TASK STATEMENT:
Only these lines of the data below are wanted: the one with "REFORMATION Anita Mule", the one with "Chanel Bestickte CC", and any lines between them, each repeated exactly.

DATA IN THIS EXERCISE:
= = =

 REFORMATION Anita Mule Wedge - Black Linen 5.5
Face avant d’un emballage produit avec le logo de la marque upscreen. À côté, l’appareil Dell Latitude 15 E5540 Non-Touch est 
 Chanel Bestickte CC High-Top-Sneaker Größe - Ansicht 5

= = =

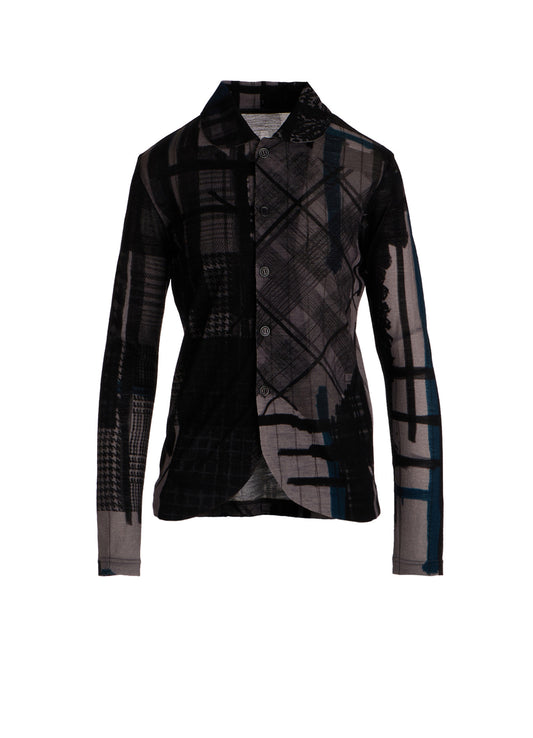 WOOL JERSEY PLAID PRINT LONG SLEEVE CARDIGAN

= = =

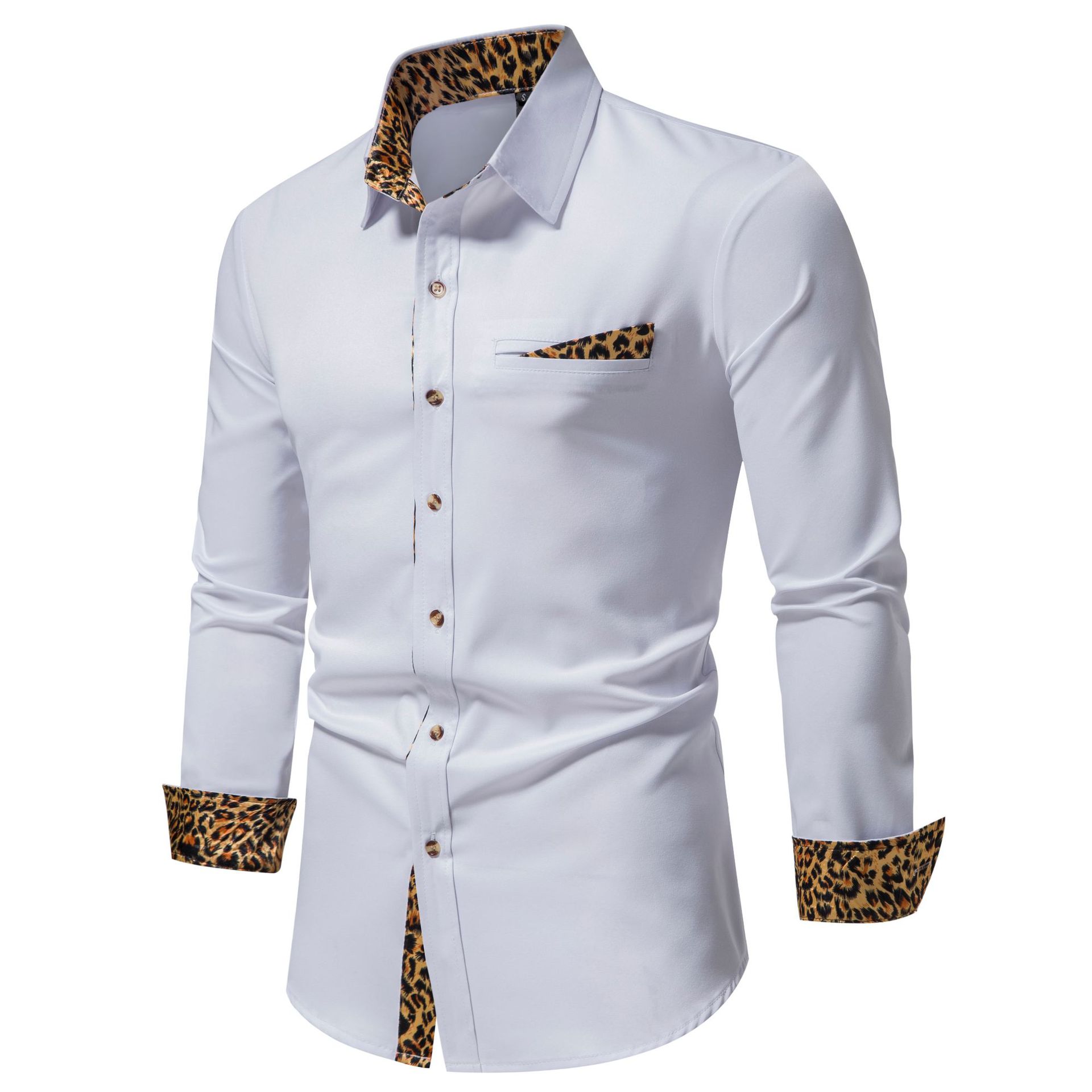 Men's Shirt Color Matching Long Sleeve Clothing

= = =

REPLY:
 REFORMATION Anita Mule Wedge - Black Linen 5.5
Face avant d’un emballage produit avec le logo de la marque upscreen. À côté, l’appareil Dell Latitude 15 E5540 Non-Touch est 
 Chanel Bestickte CC High-Top-Sneaker Größe - Ansicht 5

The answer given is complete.